Cette opération, nommée Joint Sword 2024A, est une réponse directe aux forces indépendantistes de l'île, selon le porte-parole du Théâtre Est de l'Armée Populaire de Libération (APL).
Les manœuvres, qui se dérouleront jusqu'à vendredi, impliquent des avions et des navires de combat déployés autour de Taïwan, simulant un blocus de l'île de 23 millions d'habitants. L'objectif affiché est de «tester les capacités de combat réel conjointes» de la marine, de l'armée de l'air et de l'unité des fusées de l'APL. Taipei a immédiatement dénoncé ce «comportement militaire provocateur» et a fait décoller en urgence ses chasseurs, notamment des Mirage 2000 de la base de Hsinchu, près de la capitale.

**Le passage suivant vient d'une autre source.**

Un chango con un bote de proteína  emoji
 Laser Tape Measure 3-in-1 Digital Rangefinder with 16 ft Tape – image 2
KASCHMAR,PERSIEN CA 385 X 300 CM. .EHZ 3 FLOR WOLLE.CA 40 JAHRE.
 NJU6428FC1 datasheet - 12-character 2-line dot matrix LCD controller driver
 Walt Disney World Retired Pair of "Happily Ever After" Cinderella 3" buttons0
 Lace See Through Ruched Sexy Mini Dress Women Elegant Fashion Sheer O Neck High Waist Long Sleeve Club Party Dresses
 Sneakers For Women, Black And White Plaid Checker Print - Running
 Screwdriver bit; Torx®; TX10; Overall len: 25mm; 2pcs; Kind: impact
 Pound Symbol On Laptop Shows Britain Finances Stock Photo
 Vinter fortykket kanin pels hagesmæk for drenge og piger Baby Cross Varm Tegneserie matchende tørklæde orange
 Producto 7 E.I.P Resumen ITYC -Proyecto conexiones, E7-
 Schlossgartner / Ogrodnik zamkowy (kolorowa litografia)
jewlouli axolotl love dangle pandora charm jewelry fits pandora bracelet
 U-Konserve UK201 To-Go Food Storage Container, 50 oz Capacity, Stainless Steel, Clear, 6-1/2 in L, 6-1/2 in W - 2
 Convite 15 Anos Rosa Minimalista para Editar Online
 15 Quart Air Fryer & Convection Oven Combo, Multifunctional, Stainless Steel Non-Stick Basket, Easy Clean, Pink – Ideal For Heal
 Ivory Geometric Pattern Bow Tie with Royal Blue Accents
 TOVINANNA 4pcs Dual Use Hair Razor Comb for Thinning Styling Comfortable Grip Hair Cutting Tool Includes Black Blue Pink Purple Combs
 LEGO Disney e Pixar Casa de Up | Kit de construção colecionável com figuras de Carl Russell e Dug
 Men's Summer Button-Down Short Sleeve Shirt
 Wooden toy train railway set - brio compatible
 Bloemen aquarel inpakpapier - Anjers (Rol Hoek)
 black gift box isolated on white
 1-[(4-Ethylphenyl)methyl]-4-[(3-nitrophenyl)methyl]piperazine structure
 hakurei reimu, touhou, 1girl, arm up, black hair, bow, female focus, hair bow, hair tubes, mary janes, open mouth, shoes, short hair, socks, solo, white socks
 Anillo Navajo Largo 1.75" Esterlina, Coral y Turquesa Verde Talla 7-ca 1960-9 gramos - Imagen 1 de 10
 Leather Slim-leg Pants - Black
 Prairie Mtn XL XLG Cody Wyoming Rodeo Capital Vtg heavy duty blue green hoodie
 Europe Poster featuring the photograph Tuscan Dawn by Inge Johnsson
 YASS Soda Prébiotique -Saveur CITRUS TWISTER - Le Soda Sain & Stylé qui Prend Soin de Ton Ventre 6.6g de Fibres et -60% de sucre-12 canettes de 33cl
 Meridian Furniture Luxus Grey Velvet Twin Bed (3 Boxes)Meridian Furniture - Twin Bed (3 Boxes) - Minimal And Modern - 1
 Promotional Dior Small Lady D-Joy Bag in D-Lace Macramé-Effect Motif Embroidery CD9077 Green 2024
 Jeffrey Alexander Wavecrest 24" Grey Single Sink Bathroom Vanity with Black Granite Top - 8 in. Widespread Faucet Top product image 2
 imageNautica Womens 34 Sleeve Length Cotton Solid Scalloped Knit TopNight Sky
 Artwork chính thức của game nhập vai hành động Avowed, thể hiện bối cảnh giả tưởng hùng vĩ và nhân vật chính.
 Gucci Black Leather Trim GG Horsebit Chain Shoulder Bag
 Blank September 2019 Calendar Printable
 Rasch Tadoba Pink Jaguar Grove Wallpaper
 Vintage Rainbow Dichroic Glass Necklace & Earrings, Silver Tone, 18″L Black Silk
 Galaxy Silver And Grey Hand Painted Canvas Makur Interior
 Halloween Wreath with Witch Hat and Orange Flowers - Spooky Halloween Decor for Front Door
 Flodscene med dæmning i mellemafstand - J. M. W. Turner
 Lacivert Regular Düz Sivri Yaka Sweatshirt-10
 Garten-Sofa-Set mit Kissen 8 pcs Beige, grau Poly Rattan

Ces exercices surviennent trois jours après l'arrivée au pouvoir de Lai Ching-te, élu en janvier dernier. Cette démonstration de force vise à envoyer un message clair au nouveau dirigeant et à ses soutiens occidentaux, en particulier les États-Unis. L'APL a qualifié ces manœuvres d'«avertissement sévère contre l'ingérence des forces extérieures», en référence à l'approbation par l'administration Biden de ventes militaires à Taipei pour un montant de 300 millions de dollars, juste avant les élections du 13 janvier.
Pékin accuse Lai, qualifié par le passé de «dangereux séparatiste», d'avoir implicitement avoué son soutien à l'indépendance lors de son discours d'investiture le 20 mai. Cependant, Lai s'est abstenu de franchir cette «ligne rouge», adoptant une position similaire à celle de son prédécesseur, Tsai Ing-Wen, en défendant l'identité démocratique de l'île. Bien qu'il se soit présenté comme un «artisan de l'indépendance» par le passé, Lai a modéré son discours durant sa campagne, promettant de défendre le statu quo dans le détroit tout en résistant aux «menaces extérieures» et en promouvant la démocratie. Il a également appelé à une relance des «échanges humains» avec la Chine, malgré l'interdiction actuelle pour les ressortissants chinois de visiter l'île.
La Chine intensifie depuis plusieurs années ses incursions aériennes dans la zone de défense aérienne taïwanaise (ADIZ), ses chasseurs et bombardiers franchissant régulièrement la ligne médiane du détroit depuis la visite de Nancy Pelosi à Taipei en août 2022. Toutefois, ces activités avaient été réduites ces derniers mois à l'approche des élections pour ne pas effrayer les électeurs et durant la période de transition du pouvoir, attendant avec anxiété la première allocution publique de Lai Ching-te.
La situation reste tendue alors que Taïwan tente de naviguer entre les pressions militaires de la Chine et les attentes de la communauté internationale. L'évolution des relations entre Taipei et Pékin sera suivie de près dans les semaines et mois à venir, chaque mouvement militaire et déclaration politique ayant le potentiel de modifier l'équilibre fragile de cette région stratégique.